Derdelanders hebben beroep aangetekend
Om te voldoen aan de uitspraak van de Afdeling bestuursrechtspraak van 17 januari 2024, heeft de staatssecretaris terugkeerbesluiten uitgevaardigd. Hierin wordt vermeld dat het recht op opvang voor derdelanders op 4 maart 2024 is beëindigd en dat zij tot en met 2 april 2024 de tijd hebben om de opvang te verlaten. Veel derdelanders hebben tegen deze besluiten beroep aangetekend bij verschillende rechtbanken. Waarbij zij de uitspraak van de Afdeling bestuursrechtspraak van 17 januari 2024 ter discussie hebben gesteld. Dit heeft geresulteerd in uiteenlopende en verschillend gemotiveerde uitspraken van de rechtbanken over de vraag wanneer de tijdelijke bescherming voor deze derdelanders eindigt. Sommige uitspraken waren in lijn met het oordeel van de Afdeling bestuursrechtspraak, terwijl andere daarvan afweken.

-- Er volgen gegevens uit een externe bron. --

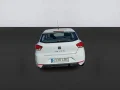 Thumbnail 5 del Seat Ibiza 1.0 EcoTSI 70kW (95CV) Style Plus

Afwachting antwoorden Europese Hof
Op 29 maart 2024 heeft de rechtbank in Amsterdam in een verwijzingsuitspraak prejudiciële vragen gesteld aan het Hof van Justitie in Luxemburg. De rechtbank vraagt om verduidelijking van de Richtlijn Tijdelijke Bescherming en wil weten vanaf welk moment de opvang van derdelanders eindigt. De behandeling van de rechtszaak is door deze rechtbank opgeschort in afwachting van de antwoorden van het Europese Hof. Daarom heeft de voorzieningenrechter van de Afdeling bestuursrechtspraak vandaag voorlopig geoordeeld dat deze derdelanders ook tijdens deze wachttijd tijdelijke bescherming behouden, in afwachting van de antwoorden.